Enter Into My Heart

Follow me as I write to God.

Wednesday, October 7, 2015

Saying Goodbye

Dear God,

Today I said goodbye to my past. It was hard I will say. I tried so hard to make my past a part of my future and you showed me how I had to let go. It was difficult and there was some hurt, but I know one day I will be grateful for my obedience. It is hard to imagine my past not going with me, but YOU ARE ENOUGH FOR ME. I want to truly believe that and live it out. I have to follow you and that means no turning back! My past can not define me anymore more. I'm trusting you in this. I pray you become my desire Lord. I know I still have to surrender in other areas, I pray you teach me how! I need you more than ever Lord. I want to give you the glory and praise for helping me say goodbye to my past today! Thank you Lord!






Wednesday, September 30, 2015

The Heart That has Been Forgotten

Dear God,

My heart for so many years has been locked away from the fear of feeling the pain that is within it. I know that feeling my pain is a part of the healing process, but it is a process I don't want to take. It is a process I don't even want to imagine. I have started and stopped back and forth. Many times I started the process on my own in my very own strength. I just want to be healed with a magical wand. That way there would be no work. It's tiring to continue to walk down the path you have called for me. Who did you create me to be? I know who you want me to be secretly. The desire to do your work lives inside of me. I can feel it. I just can't get to it. The reason I can't get to it is because I am held bound by pain. I swear it has chained like a prisoner. I hate the condition my heart is in. I even forgot my own heart. I forgot why you made it and why its important for ALL of it to be yours. I act as if you forgot about my heart. Who am I kidding, I forgot about my own heart. I always want to help heal hearts in the community and mine isn't even healed yet. How hypocritical is that!I swear I know the truth Lord. The reason is because I'm afraid. I need your help. I know it seems like I won't do it and at times I don't even try, but I want to try. I no longer want to forget my heart.
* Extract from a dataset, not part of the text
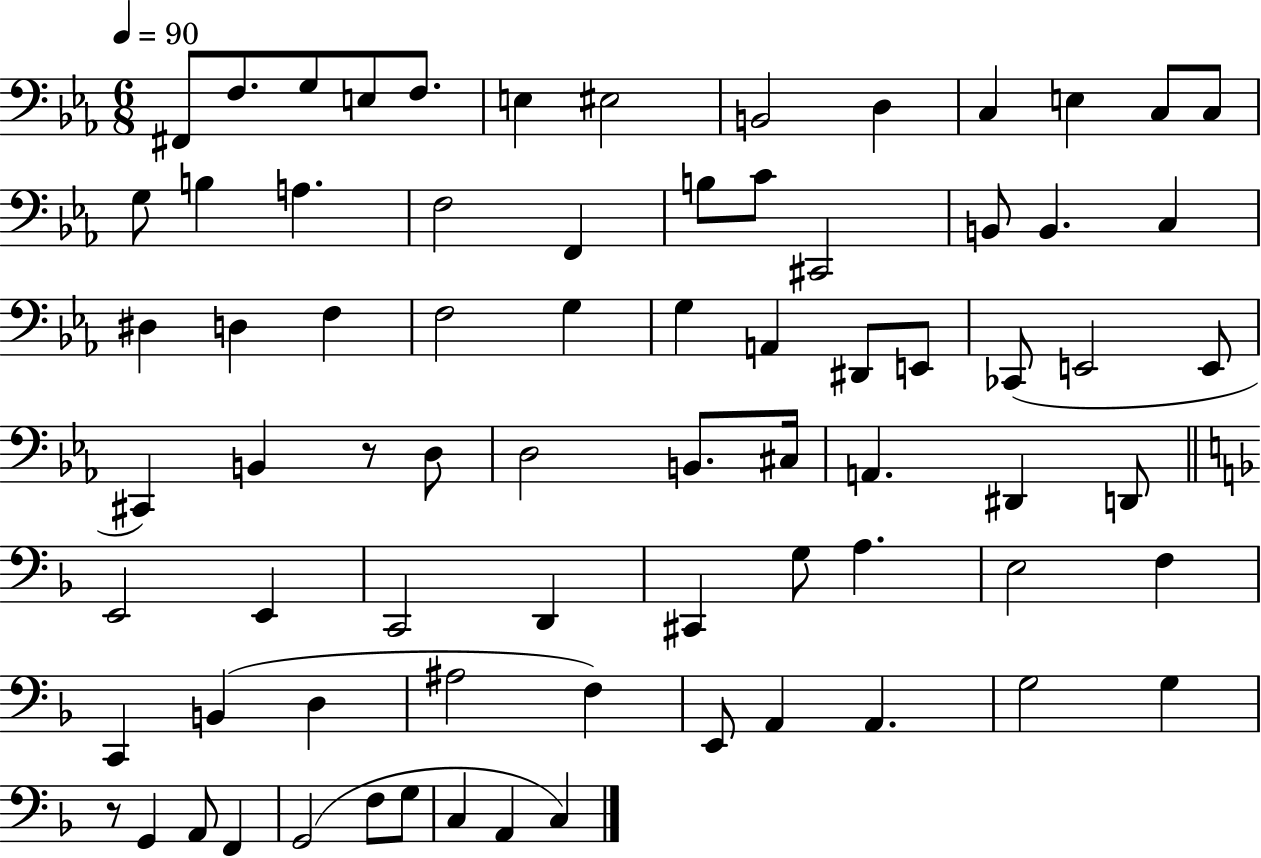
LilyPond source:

Tuesday, September 29, 2015

Love

Dear God,

I look at the beauty of being in a relationship and I wonder do you have love waiting for me? I know that your love is enough, I just want to know is there someone on earth that you created to love me in the way that you love me. I know right now is not the time to even think about being with someone, because of the condition of my heart. However, I still wonder. Those special hugs and kisses and secrets to share with that special someone. The encouragement and support that special someone will show. The dreams I can share with that someone. These desires that are hidden just for that someone. That same someone should be you first though. I find it to be selfish to desire to be loved by a human more than the desire to beloved by you more. How can I have revelation that your love is enough for me. This is so frustrating! You aren't in human form. I know that you are real. Your love is real, I know it is because I have experienced it before. But its tiring to search for you or even seek you. The enemy attacks me every time. Struggles come and it separates me from you, when it should bring me closer to you. I have a hard time accepting this relationship God. I feel divorced from you. I want to hear you! I want to know what it feels like to be loved! By you and a human. I want to experience a healthy love. Most importantly I want to love in a healthy way. I want to experience love.

Love,

Your Daughter


Dear God,

This week has been very difficult for me. I have struggled so long with trusting you and admitting the pain I hide deep within. I know that you desire a relationship with me,but, these walls are upon my heart. I am scared to let you in. How could I be scared of letting you in if you are the one who created me? Life is very difficult without trusting you. I have no peace and I often feel alone. You continue to provide for me, but I still stay at an distant from you. I would like you to tare down these walls that separates me from experiencing your love for me. I want to know and believe you love me. I let my flesh lead my heart. I honestly couldn't imagine why you love me or why you even desire to love me. I know that your love is unending, but I feel that I never truly let your love begin. I make excuses often on why I won't open up to you. I know you won't hurt me, but the question is do I believe it. I'm not sure if I believe you won't hurt me. You see I have taken hurt as my identity. It has made me a prisoner and left me locked in chains. I know that your love can free me. I just don't know how to let you in. I will admit that I am frustrated with myself and you. I don't know why I'm frustrated with you if you never did anything to me. How selfish can I be? God all I want to do is learn to love you and to allow you to love me. I want to be free and made whole. However, I always give up on the process. I wish you could heal me and I would not have to work for it. It's frustrating. I wish this relationship would require no work. I wish it didn't require me opening up, especially since you already know my heart. I'm just being honest. I know that honesty is needed in a relationship, but I honestly am afraid of that and to do it seems impossible. Please help me with these steps. I desire you, I truly do. I know my actions are proving different, but this is my heart's desire.I need you to open me up God. Please help me. Teach me God. Hear me. I want my heart to be yours. I have wasted so many years. I want to be free. I want to know you deeply. It just seems impossible.